▶ [WORK ORDER] From top to bottom, write out the listing exactly and skip every picture.

▶ [RECORDED DATA]

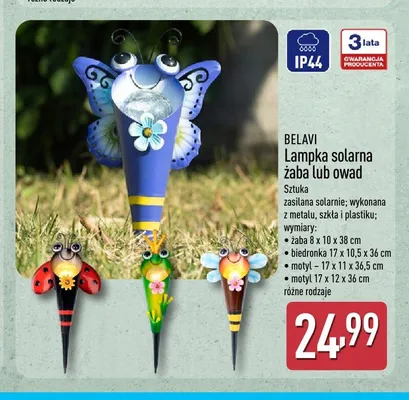 Lampka solarna motyl Belavi promocja w Aldi
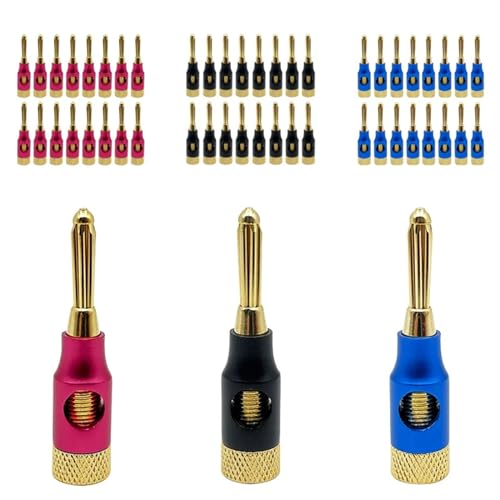 Fiche banane en cuivre pur et plaqué or 4mm pour câble de haut-parleur hifi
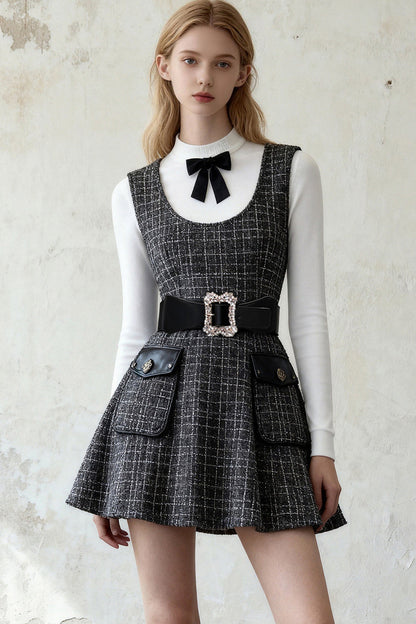 White Top Plaid Suspender Dress Set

▶ [PROBLEM SOLUTION]
 Lampka solarna motyl Belavi promocja w Aldi
 Fiche banane en cuivre pur et plaqué or 4mm pour câble de haut-parleur hifi
 White Top Plaid Suspender Dress Set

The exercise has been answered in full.